→ Your goal
Print exactly the lines below between the line holding "オーバーハングが目を引く 間接照明が素敵な家 広島廿日市店のブログ" and the line holding "Hakan Hatip Email & Phone Number", inclusive, and nothing more.

══ Exercise data

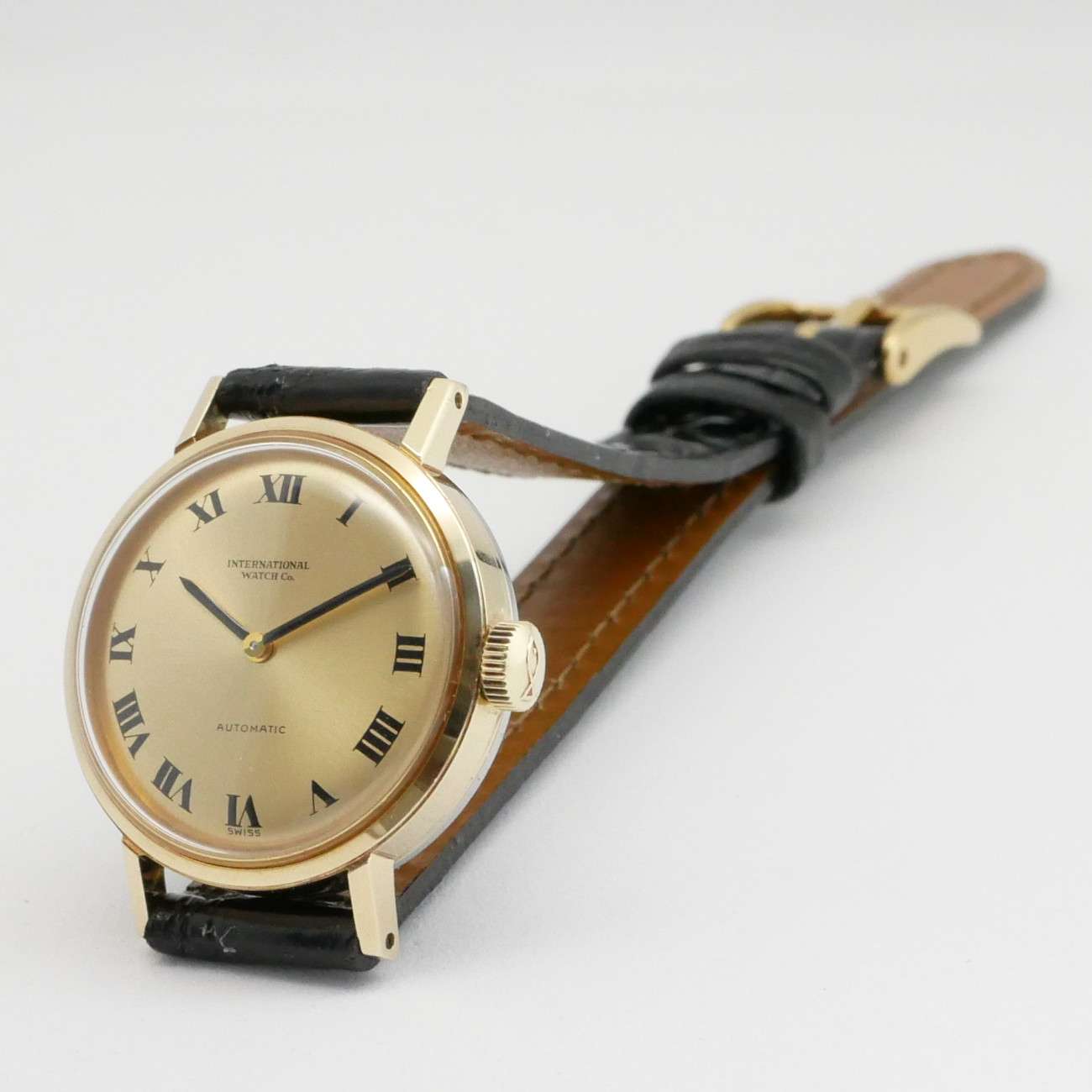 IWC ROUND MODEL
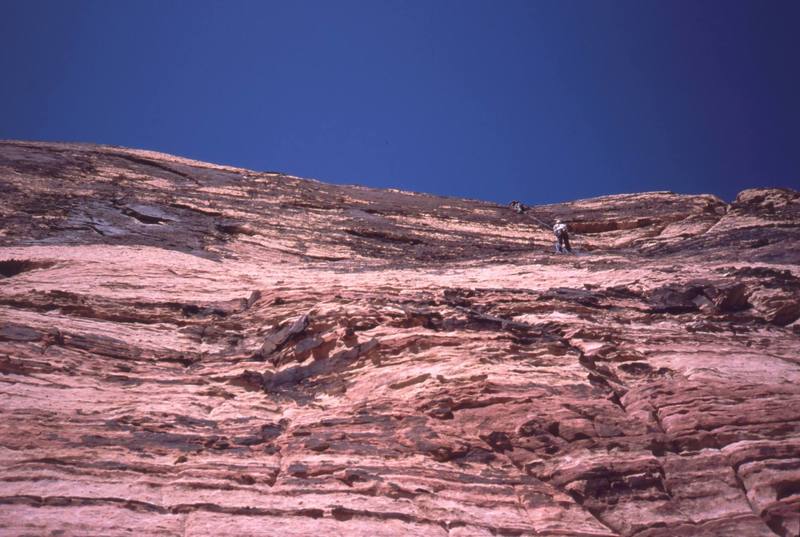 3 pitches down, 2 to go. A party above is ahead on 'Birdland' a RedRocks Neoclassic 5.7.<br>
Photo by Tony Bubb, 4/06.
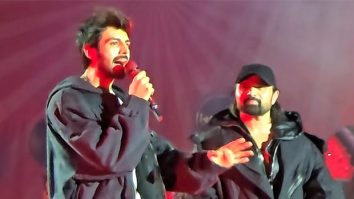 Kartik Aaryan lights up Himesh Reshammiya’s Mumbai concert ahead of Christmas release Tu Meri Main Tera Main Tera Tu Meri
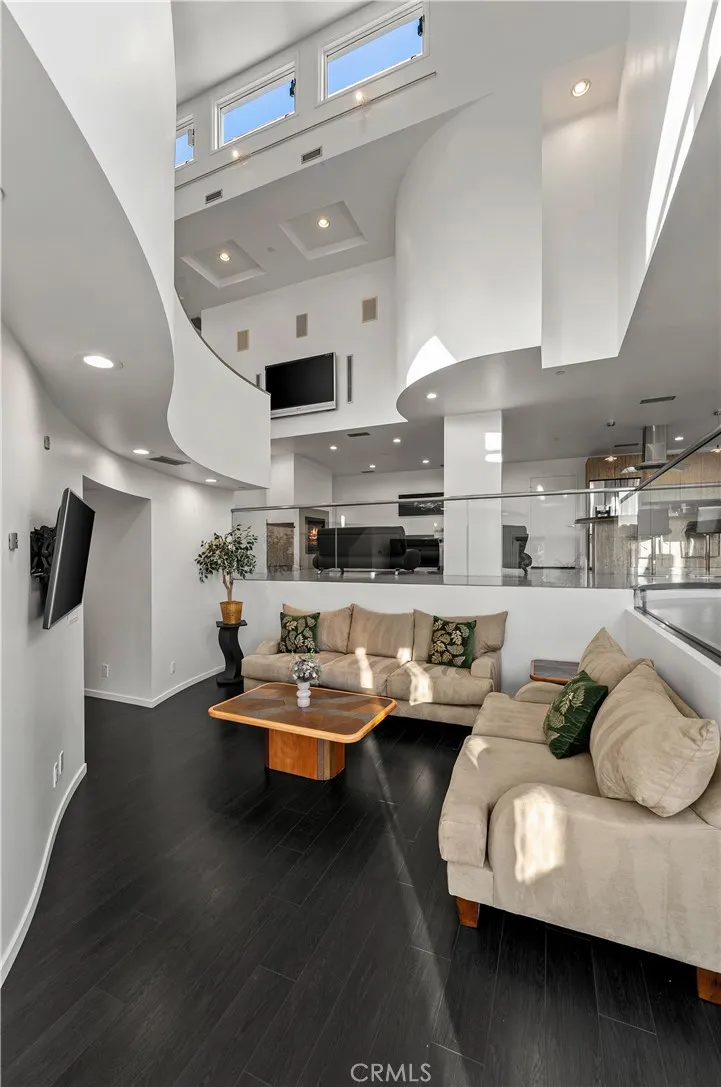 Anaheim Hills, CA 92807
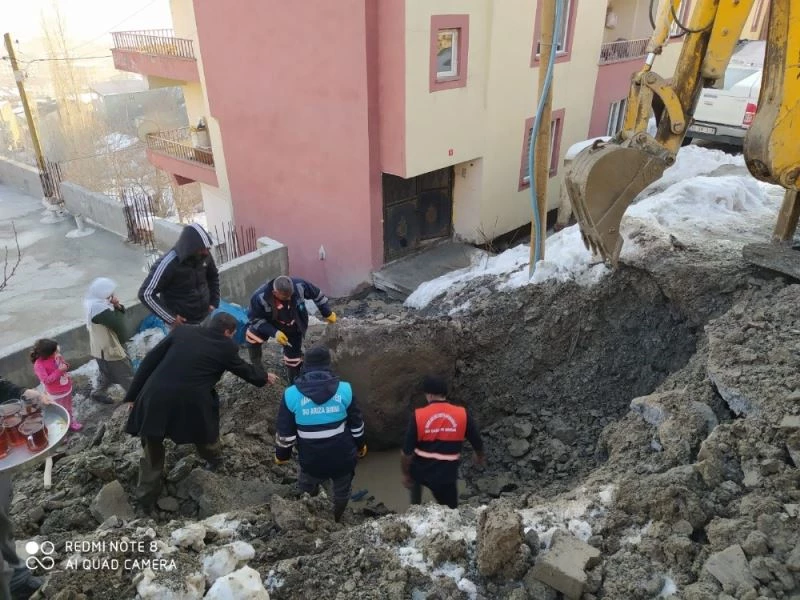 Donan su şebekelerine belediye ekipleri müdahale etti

════
══ Exercise data

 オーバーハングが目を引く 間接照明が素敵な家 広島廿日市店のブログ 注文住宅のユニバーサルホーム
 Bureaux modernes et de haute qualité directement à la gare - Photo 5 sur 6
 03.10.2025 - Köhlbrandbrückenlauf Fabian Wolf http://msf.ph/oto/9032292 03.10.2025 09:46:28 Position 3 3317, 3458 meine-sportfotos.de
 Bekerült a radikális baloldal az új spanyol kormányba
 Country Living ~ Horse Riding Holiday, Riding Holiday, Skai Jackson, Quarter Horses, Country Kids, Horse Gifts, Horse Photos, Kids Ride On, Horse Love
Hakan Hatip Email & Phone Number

════

→ Task output
 オーバーハングが目を引く 間接照明が素敵な家 広島廿日市店のブログ 注文住宅のユニバーサルホーム
 Bureaux modernes et de haute qualité directement à la gare - Photo 5 sur 6
 03.10.2025 - Köhlbrandbrückenlauf Fabian Wolf http://msf.ph/oto/9032292 03.10.2025 09:46:28 Position 3 3317, 3458 meine-sportfotos.de
 Bekerült a radikális baloldal az új spanyol kormányba
 Country Living ~ Horse Riding Holiday, Riding Holiday, Skai Jackson, Quarter Horses, Country Kids, Horse Gifts, Horse Photos, Kids Ride On, Horse Love
Hakan Hatip Email & Phone Number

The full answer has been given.